# benjeimin pellet gun



## WISH IT WAS YOU (Jul 25, 2006)

hay i was woundering if any one has owned oneor owns one now i just wantthe 22 cal or 177 here it is tell some suff about it 
http://www.airgundepot.com/397.html


----------



## Shortdrift (Apr 5, 2004)

Had a Ben but switched to a .177 Gamo Hunter.


----------



## GO FISH (Aug 13, 2004)

I have a .22 cal Benjamin, had it for almost 30 years. I've killed a lot of bushy tails with it over the years.

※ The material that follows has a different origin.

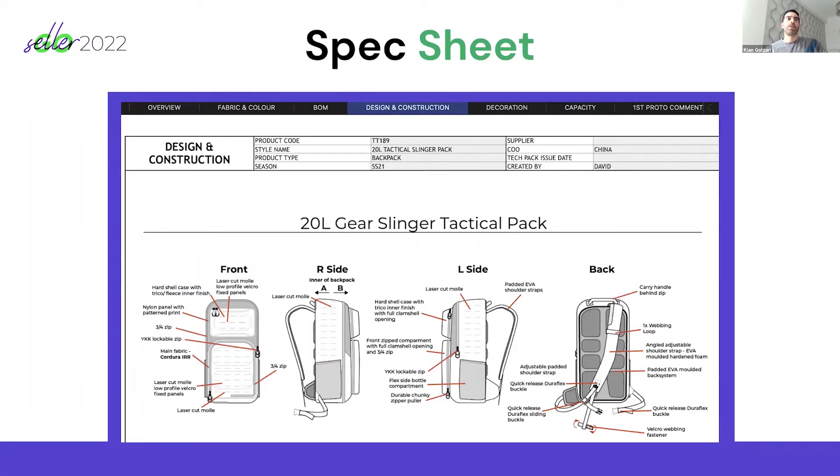This is an example of what a specification sheet would look like. They all look different — there's no one format, because whether you're making an iPhone case or a popcorn machine, your spec sheet is going to look very different. This one is for a backpack. It's basically a one-pager, and I've got different tabs at the top: fabric, colors, materials. Here's the design tab showing what it looks like, the type of zips being used, and what the front, back, and sides look like, as well as where the padding compartments are fitted.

Never had any problems with it.


----------



## zipperneck52 (May 1, 2004)

Was watching a show on outdoor life friday and a college prof showed an airgun shooting a hardened pellet [.17 cal] at 1600 fps!! he took a 150 lb wild pig with 1 shot at about 15ft. the hog dropped like a rock. they aren't just bb guns anymore.


----------



## WISH IT WAS YOU (Jul 25, 2006)

zipperneck52 said:


> Was watching a show on outdoor life friday and a college prof showed an airgun shooting a hardened pellet [.17 cal] at 1600 fps!! he took a 150 lb wild pig with 1 shot at about 15ft. the hog dropped like a rock. they aren't just bb guns anymore.


ytheir is a web sight on pellet gun hunting that has a huge hog on it let me see if i can find it


----------



## WISH IT WAS YOU (Jul 25, 2006)

here it istell me if the boar you watched git shot 
http://www.adventuresinairguns.com/Hunting.html


----------



## WISH IT WAS YOU (Jul 25, 2006)

is it the pig they shot


----------



## STRONGPERSUADER (Nov 5, 2006)

Have a Diana/RWS airgun. A German Made airgun. And im telling ya, it will drop some big garbage can *****.


----------



## zipperneck52 (May 1, 2004)

sorry i didn't get back. been huntin[not findin]. No, that wasn't the hog. I'm still trying to find out who made the gun. I'd like to get 1.


----------